An ill-judged remark at any of them could have offended millions of Christians, Jews or Muslims.
The headlines coming from the visits include:
- A controversial $350 million arms deal between the US and Saudis
- Trump calling for moderate Muslim communities to root out extremists
- A frosty first lady Melania Trump rebuffing her husband’s advances to hold her hand in public at least twice
Next on the list are drop-ins on NATO and G7 developed nations summits in Italy before a return to Washington.
Meeting the Pope
Trump met Pope Francis for 30 minutes at The Vatican before a tour of the Sistine Chapel, where the extravagant and colourful ceilings by Renaissance artist Michelangelo are on display.

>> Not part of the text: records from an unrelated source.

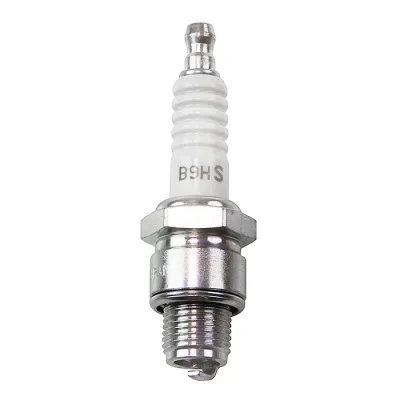 Свеча зажигания NGK - B9HS Свеча зажигания NGK - B9HS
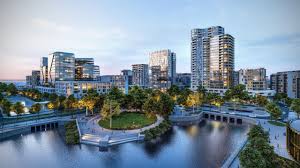 Noosa is the sunshine coast's golden child. Growing Coast Town Named In Top 10 Honour Sunshine Coast Daily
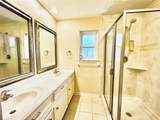 13935 Saint Marys Lane - Photo 28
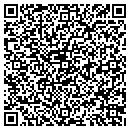 QR code with Kirkish Properties contacts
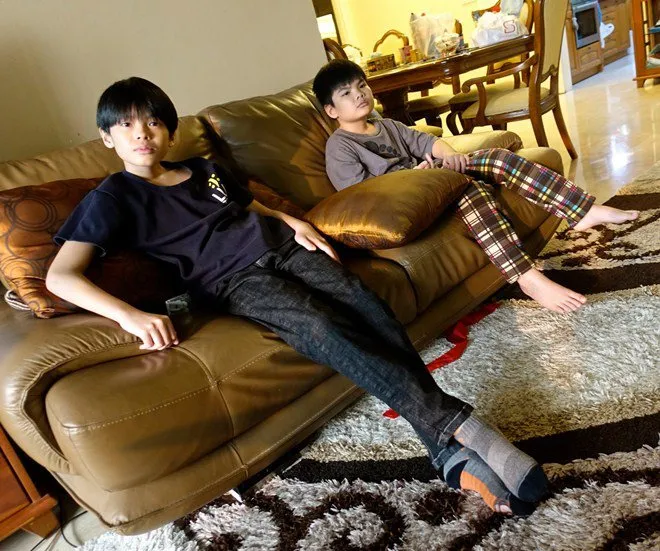 con-trai-tran-luc-lot-xac-moi-14-tuoi-da-dep-nhu-minh-tinh-con-ai-nhan-ra-cau-be-lem-linh-nam-nao-2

The president was heard to tell the Pope that his visit was a ‘great honour’.
The meeting went well, according to Vatican sources, despite clashes between the Pope and Trump during in his election campaign.
Francis criticised Trump’s pledge to build a wall between the US and Mexico, and his moves to stop Muslim immigrants and refugees from entering the country.
“A person who thinks only about building walls, wherever they may be, and not building bridges, is not Christian,” Francis said.
Comey still haunts Washington shadows
The NATO summit is expected to be unwelcoming for Trump as he has demanded members states should pay more for their defence and branded the organisation as ‘irrelevant’.
Meanwhile, the trip seems to have relieved some pressure at home for the president.
Although arrangements have gathered pace to hear FBI evidence in the inquiry into if the Trump campaign colluded with the Russians against Hillary Clinton.
Former FBI boss James Comey is due to tell the inquiry just what was said between him and Trump at various meetings.
Comey’s confidant and friend Benjamin Wittes explained Trump and his advisers should be running scared of what the evidence may say.